[vox-tech] late night musings: stripping

Mitch Patenaude vox-tech@lists.lugod.org
Thu, 26 Feb 2004 11:20:53 -0800


On Thursday, Feb 26, 2004, at 09:22 US/Pacific, Peter Jay Salzman wrote:
> we finished right into glibc.  shouldn't GDB have known when myfunction
> returned to main, even if there's no debugging information?

Hmm.. I'm not sure, but I have a suspicion.  It has to do with how 
breakpoints are implemented.  The debugger isn't simply using "stepi" 
to go instruction by instruction.  It's modifying the code to return 
control to the debugger when certain things happen.

Since it has the address of the function, what it does it replace the 
first instruction(s) with something that returns control to the 
debugger.. probably a jump or a trap or something else short.  It takes 
the code that was overwritten by that trap, and puts it in separate 
place that's executed before the control is returned to the program.

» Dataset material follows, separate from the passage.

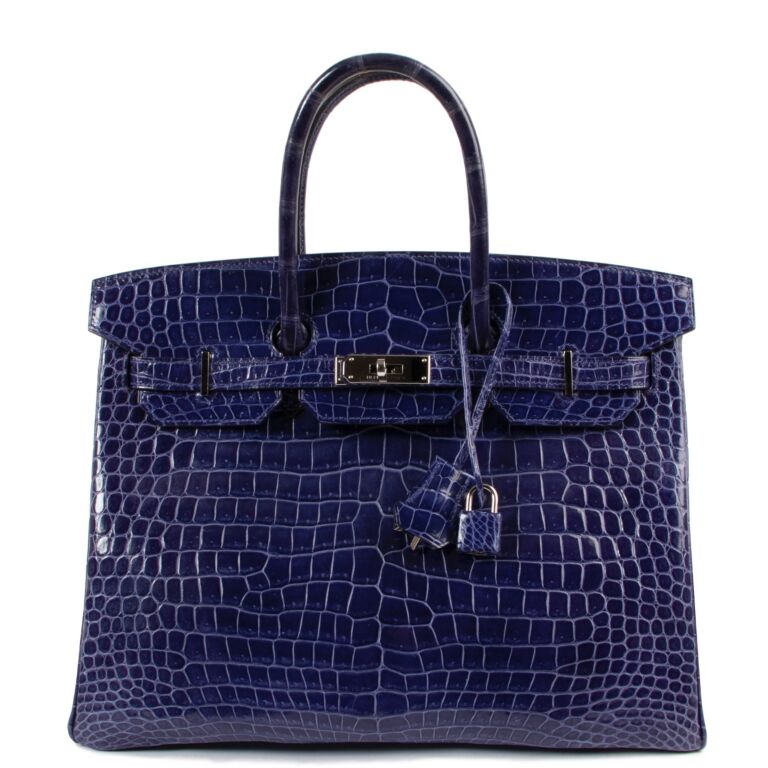 Hermès Birkin 35 Bleu Electrique Crocodile Porosus PHW ○ Labellov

But.... without detailed debugging information it's very hard to know 
when you're returning from a stack frame.  Since all the cleanup is 
done after return, you can "return" from just at about anywhere.. and 
there may be more than one return in a function.  The return that gets 
taken is not necessarily the first one linearly after the program, and 
replacing ALL the RET's after the current entry point might break other 
functions.

It COULD try to implement this by playing with the return address in 
the stack frame, having it "return" into the debugger, but I suspect 
that they just didn't bother.  If you want that functionality, compile 
with debugging info turned on.

> what would be useful would be something like GDB which can follow a
> process and collect information about:
>
> 1. control flow (what functions call what).
> 2. get the parameters and return values of the function calls.
>
>
> the only way i know how to get #1 is to sit there, using stepi (and
> possibly nexti over uninteresting libc functions) with a pencil and
> paper in hand.
>
> as for #2, seems like the only way to do that would be to disassemble
> the code.  i don't know a lick of x86 assembly, but i did notice that
> %eax appears to be the register for returning integers.

gdb has a pretty extensive scripting language, and I imaging that you 
could do that by looking at when the next instruction is a "CALL", 
though you also need to trap "INT 0x80" because that's the system call 
interrupt.

> i rewrote myfunction to return an int of 1.

For those unfamiliar with the C call stack I'll add some comments

>    0x8048380 <myfunction>: push   %ebp
Pushes the base pointer onto the stack, to save the stack frame of the 
calling function

>    0x8048381 <myfunction+1>:       mov    %esp,%ebp
Moves the current stack pointer into the base pointer to make a new 
"frame"

>    0x8048383 <myfunction+3>:       sub    $0x8,%esp
Make room on the stack for 8 bytes of automatic variables and arguments.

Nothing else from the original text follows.